*** Information supplied Section Begins ***

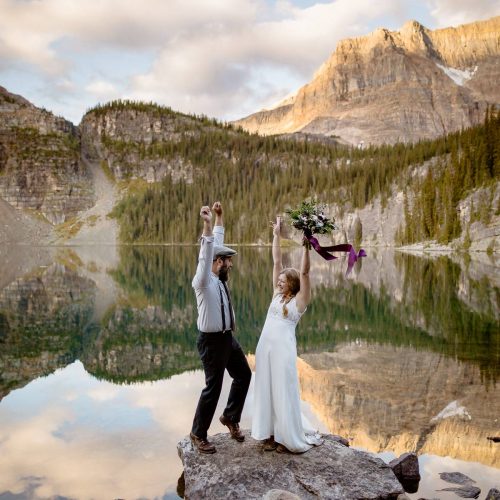 Banff elopement photographers on a backpacking elopement adventure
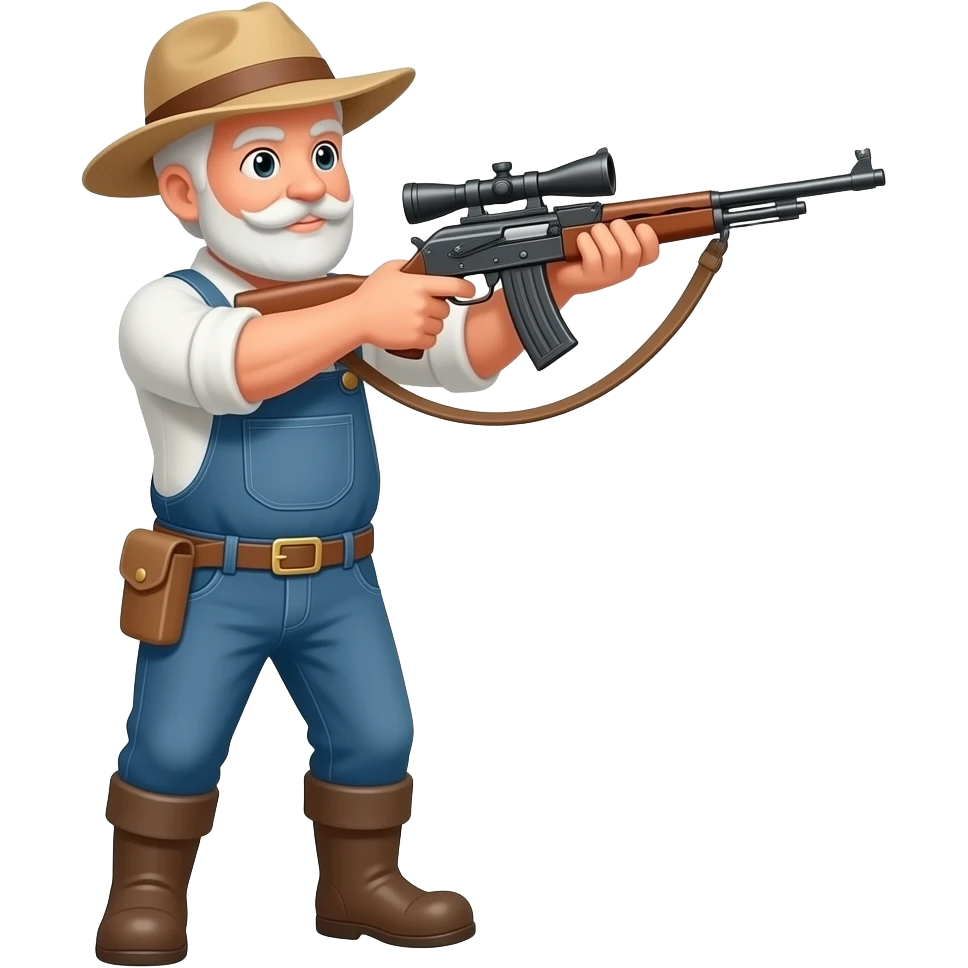 farmer shooting rifle into the air emoji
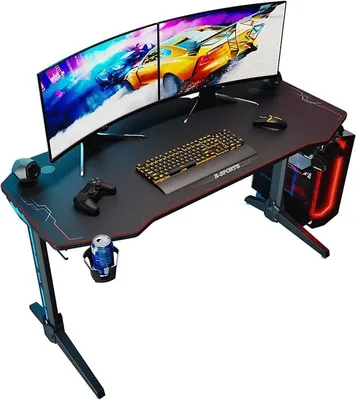 Produktbild von Computertisch Gaming Tisch LED 140 cm mit Mauspad, Getränkehalterung und Kopfhörerhaken Ultradesk PC Tisch Groß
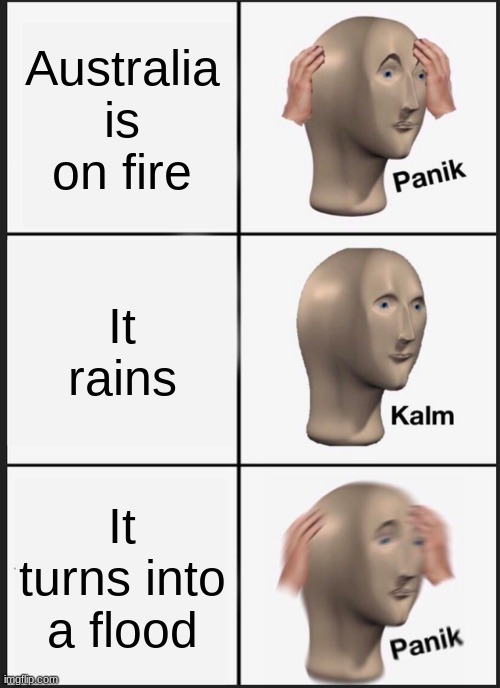 Panik Kalm Panik Meme | Australia is on fire; It rains; It turns into a flood | image tagged in memes,panik kalm panik | made w/ Imgflip meme maker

*** Information supplied Section Ends ***

▶ [Work request]
The preceding listing must be repeated exactly, with all images dropped.

▶ [Answer box]
 Banff elopement photographers on a backpacking elopement adventure
 farmer shooting rifle into the air emoji
 Produktbild von Computertisch Gaming Tisch LED 140 cm mit Mauspad, Getränkehalterung und Kopfhörerhaken Ultradesk PC Tisch Groß
 Panik Kalm Panik Meme | Australia is on fire; It rains; It turns into a flood | image tagged in memes,panik kalm panik | made w/ Imgflip meme maker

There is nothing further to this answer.